Start of Block
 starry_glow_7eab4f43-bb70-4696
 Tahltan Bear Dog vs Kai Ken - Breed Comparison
End of Block
Start of Block
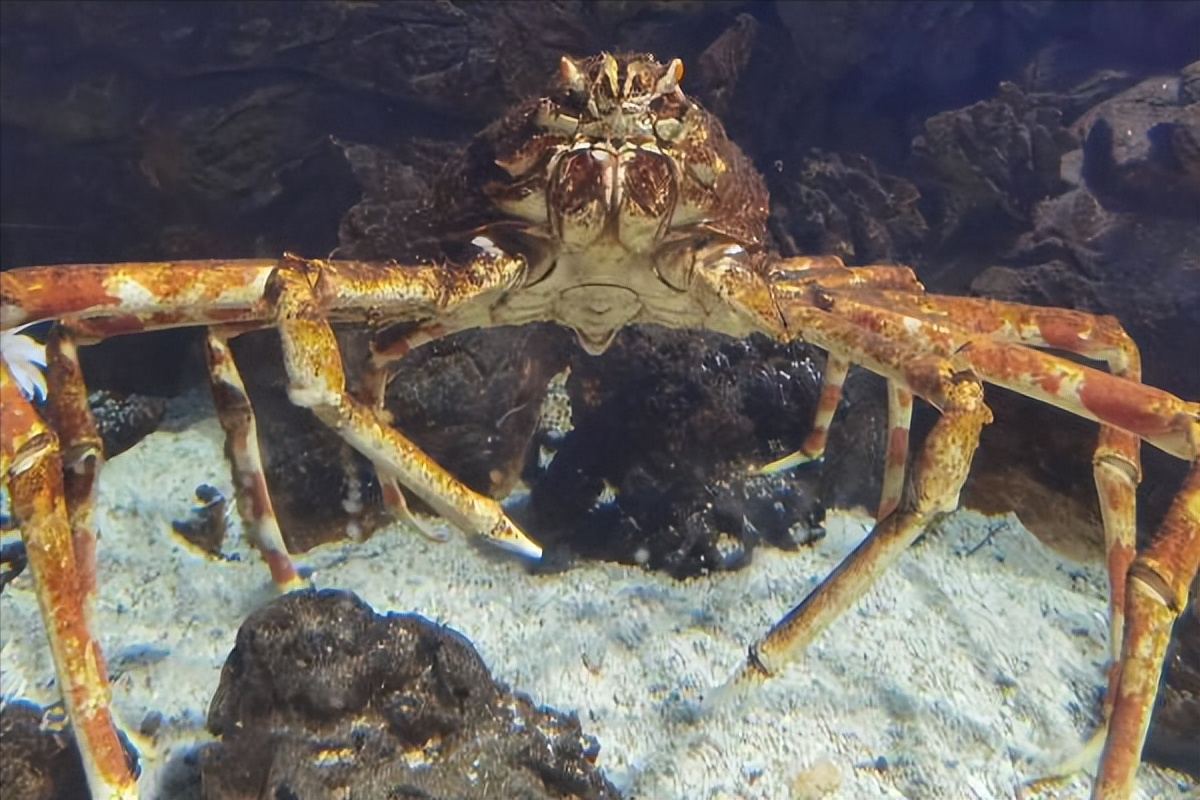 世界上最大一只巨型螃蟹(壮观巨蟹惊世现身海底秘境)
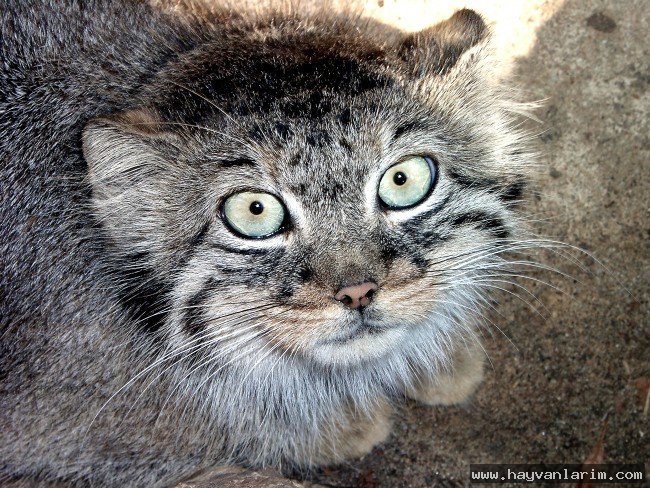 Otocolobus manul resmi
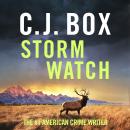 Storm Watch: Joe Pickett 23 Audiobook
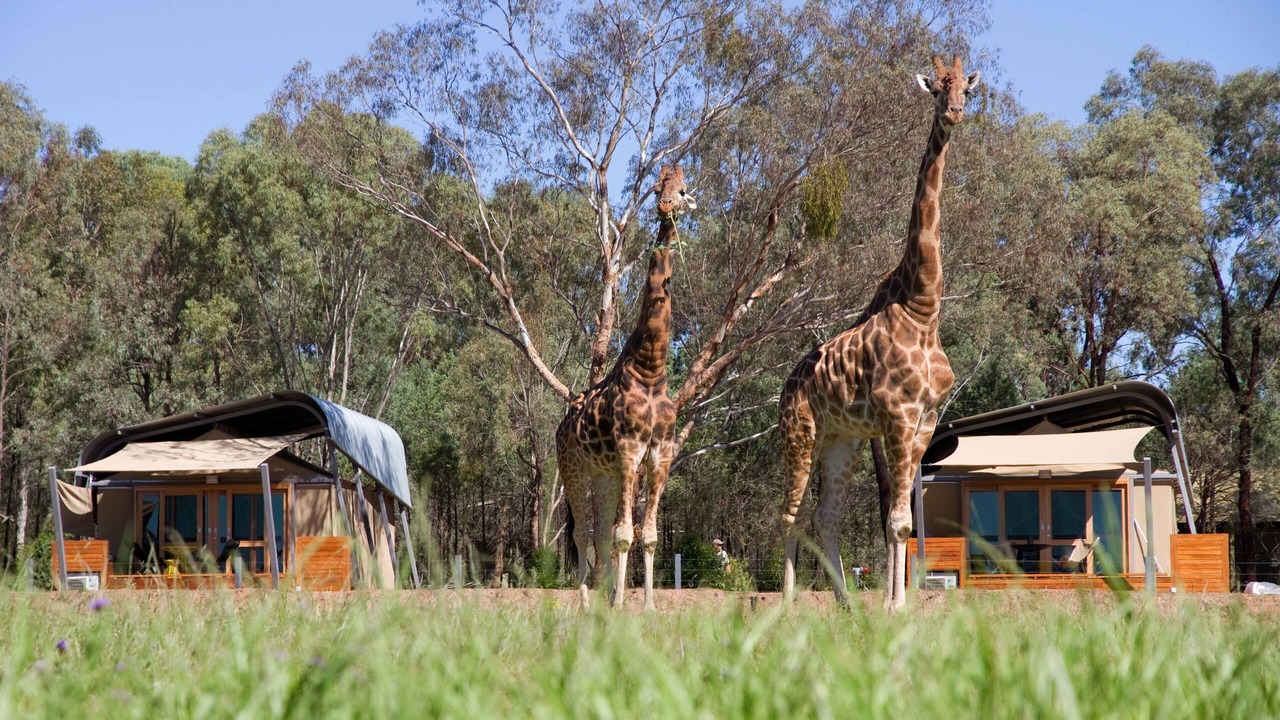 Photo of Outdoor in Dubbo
End of Block
Start of Block
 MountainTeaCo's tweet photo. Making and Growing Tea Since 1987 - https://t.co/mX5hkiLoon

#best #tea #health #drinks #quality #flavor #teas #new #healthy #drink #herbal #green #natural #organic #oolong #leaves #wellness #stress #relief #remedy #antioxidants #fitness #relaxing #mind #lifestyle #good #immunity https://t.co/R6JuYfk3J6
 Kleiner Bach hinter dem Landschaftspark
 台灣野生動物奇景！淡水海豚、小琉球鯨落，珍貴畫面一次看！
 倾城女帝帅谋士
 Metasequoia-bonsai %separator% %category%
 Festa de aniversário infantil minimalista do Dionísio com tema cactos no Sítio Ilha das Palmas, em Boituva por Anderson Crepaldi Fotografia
End of Block
TASK REQUIREMENTS -
Reproduce word for word the material above, starting with the line that has "Metasequoia-bonsai %separator% %category%" and stopping after the line that has "Festa de aniversário".

SOLUTION -
 Metasequoia-bonsai %separator% %category%
 Festa de aniversário infantil minimalista do Dionísio com tema cactos no Sítio Ilha das Palmas, em Boituva por Anderson Crepaldi Fotografia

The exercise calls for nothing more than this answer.